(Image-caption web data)
[Start of Attachment]
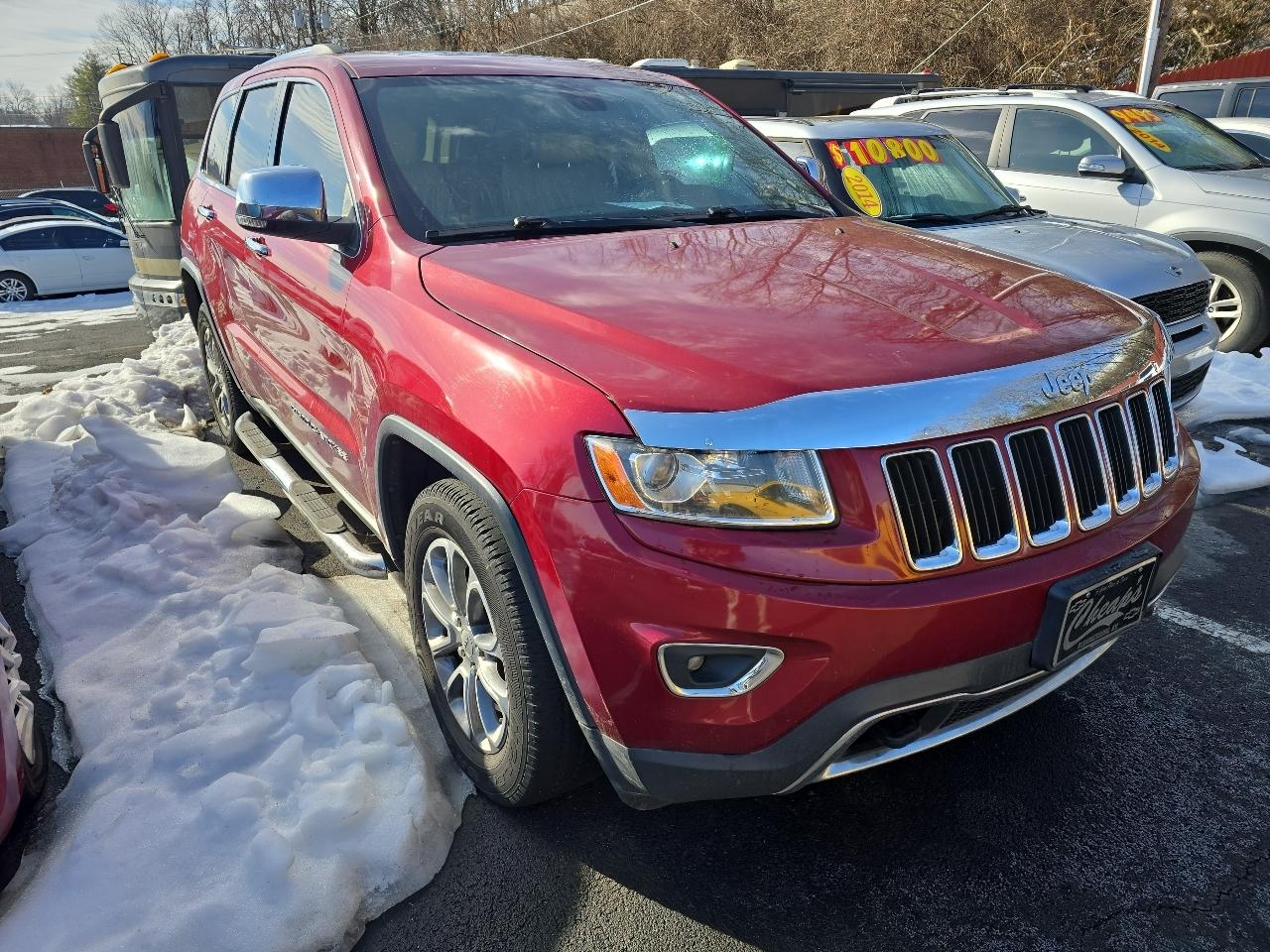 Jeep Grand Cherokee  2014
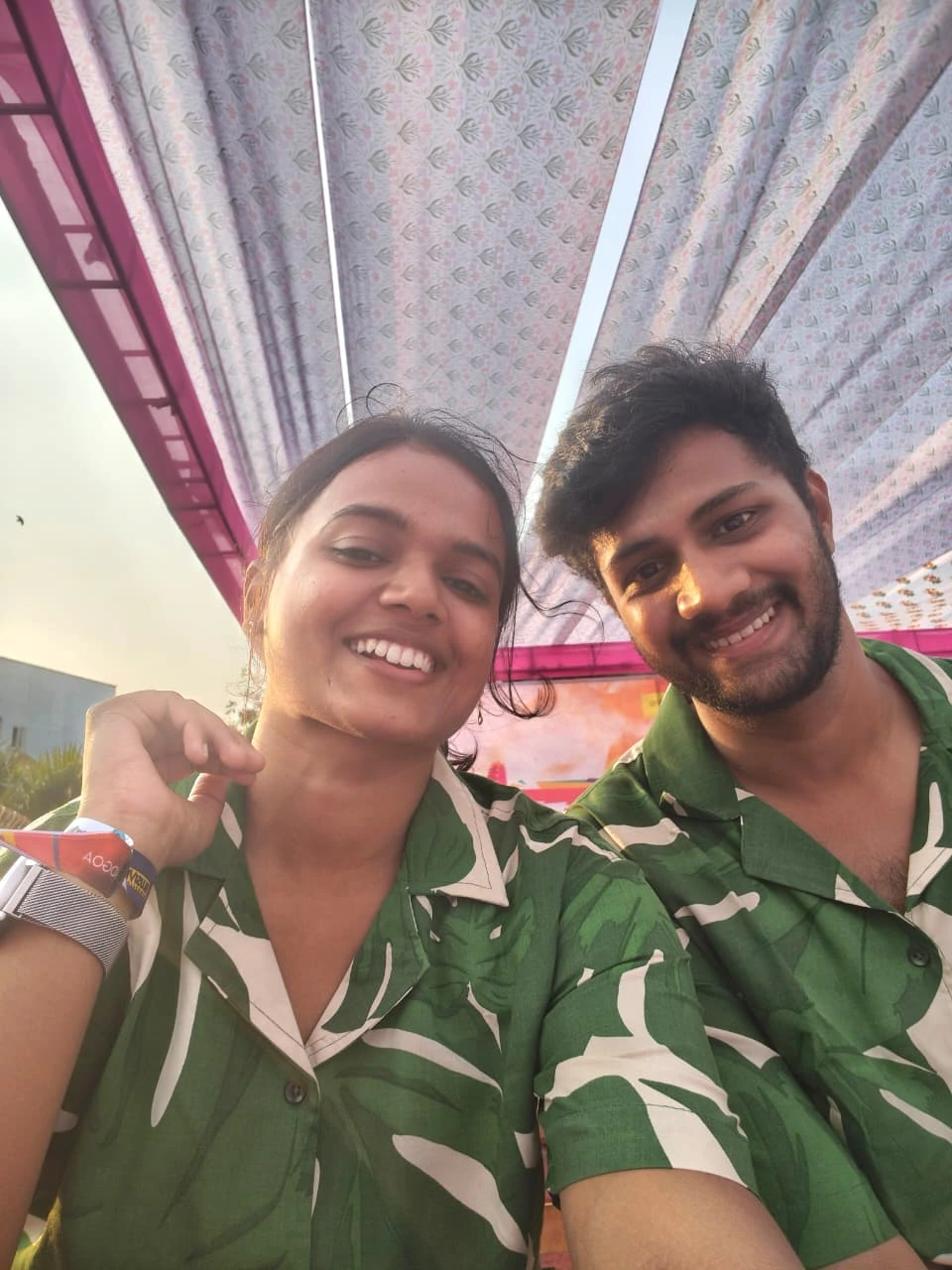 Sriram and Ramani together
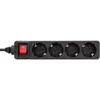 InLine® 16445D InLine® multiprise, 4x contact de Voir les images du produit 2
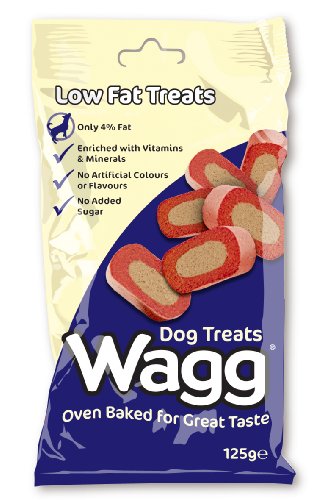 Wagg à faible teneur en graisses Friandises pour chien... - Animalerie Amazon France à 6.90€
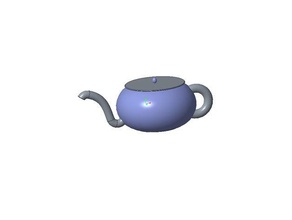 kettle kitchen & dining kitchenware 3d print model - Mito3D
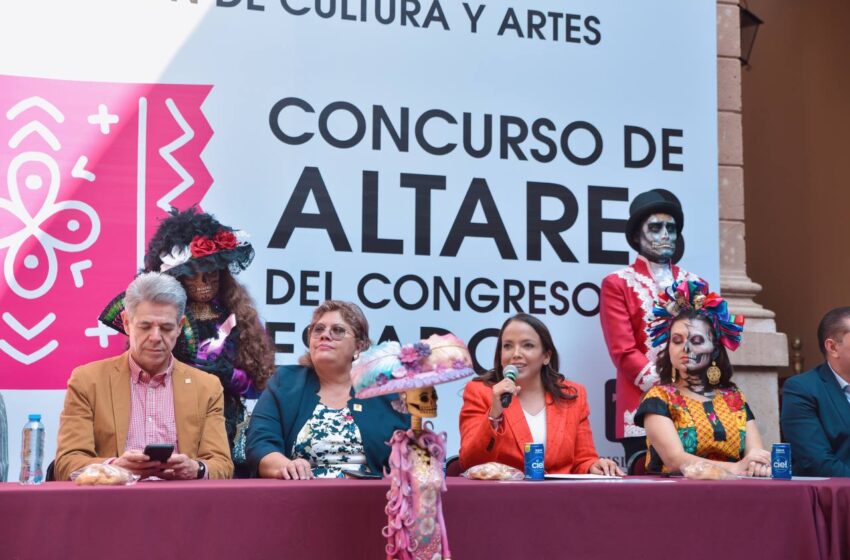  Celebra Congreso del Estado Primer Concurso de Altares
[End of Attachment]
■ **Action item**:
The pictures should be dropped, and every line above should be set down again exactly.

■ **Answer to the problem**:
 Jeep Grand Cherokee  2014
 Sriram and Ramani together
 InLine® 16445D InLine® multiprise, 4x contact de Voir les images du produit 2
 Wagg à faible teneur en graisses Friandises pour chien... - Animalerie Amazon France à 6.90€
 kettle kitchen & dining kitchenware 3d print model - Mito3D
  Celebra Congreso del Estado Primer Concurso de Altares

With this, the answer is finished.